• _TO DO_
Each line that has the string "door" must be copied from the records below.

• _TASK INPUT_

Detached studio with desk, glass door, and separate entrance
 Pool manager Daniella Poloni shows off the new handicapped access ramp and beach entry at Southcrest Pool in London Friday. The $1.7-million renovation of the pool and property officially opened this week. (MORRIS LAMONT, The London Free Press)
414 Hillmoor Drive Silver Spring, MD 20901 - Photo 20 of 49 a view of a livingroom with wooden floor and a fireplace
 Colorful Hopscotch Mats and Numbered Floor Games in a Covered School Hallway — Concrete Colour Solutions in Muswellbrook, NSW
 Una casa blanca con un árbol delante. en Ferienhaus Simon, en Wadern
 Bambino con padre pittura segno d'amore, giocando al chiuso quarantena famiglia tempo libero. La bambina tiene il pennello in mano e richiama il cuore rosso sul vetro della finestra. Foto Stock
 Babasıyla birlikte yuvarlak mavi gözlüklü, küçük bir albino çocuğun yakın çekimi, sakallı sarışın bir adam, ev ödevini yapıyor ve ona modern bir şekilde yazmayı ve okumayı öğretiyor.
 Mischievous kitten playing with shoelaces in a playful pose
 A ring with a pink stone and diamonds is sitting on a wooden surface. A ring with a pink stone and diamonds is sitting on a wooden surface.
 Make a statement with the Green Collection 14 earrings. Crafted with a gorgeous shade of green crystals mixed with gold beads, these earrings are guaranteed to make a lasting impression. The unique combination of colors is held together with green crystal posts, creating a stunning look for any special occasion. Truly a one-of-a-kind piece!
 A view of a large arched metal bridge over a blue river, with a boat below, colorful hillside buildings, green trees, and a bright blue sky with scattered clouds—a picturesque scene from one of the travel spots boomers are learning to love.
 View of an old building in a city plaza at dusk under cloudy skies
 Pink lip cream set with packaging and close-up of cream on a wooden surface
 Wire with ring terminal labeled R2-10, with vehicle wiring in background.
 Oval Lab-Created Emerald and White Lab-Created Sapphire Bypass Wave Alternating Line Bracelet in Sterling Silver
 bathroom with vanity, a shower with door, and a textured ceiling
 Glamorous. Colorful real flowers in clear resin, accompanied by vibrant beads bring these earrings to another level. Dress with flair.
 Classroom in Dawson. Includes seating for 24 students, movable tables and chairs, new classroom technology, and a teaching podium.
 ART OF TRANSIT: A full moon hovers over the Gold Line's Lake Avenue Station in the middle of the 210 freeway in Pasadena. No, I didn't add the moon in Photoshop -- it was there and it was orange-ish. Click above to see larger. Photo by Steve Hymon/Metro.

• _THE COMPLETED TASK_
Detached studio with desk, glass door, and separate entrance
 bathroom with vanity, a shower with door, and a textured ceiling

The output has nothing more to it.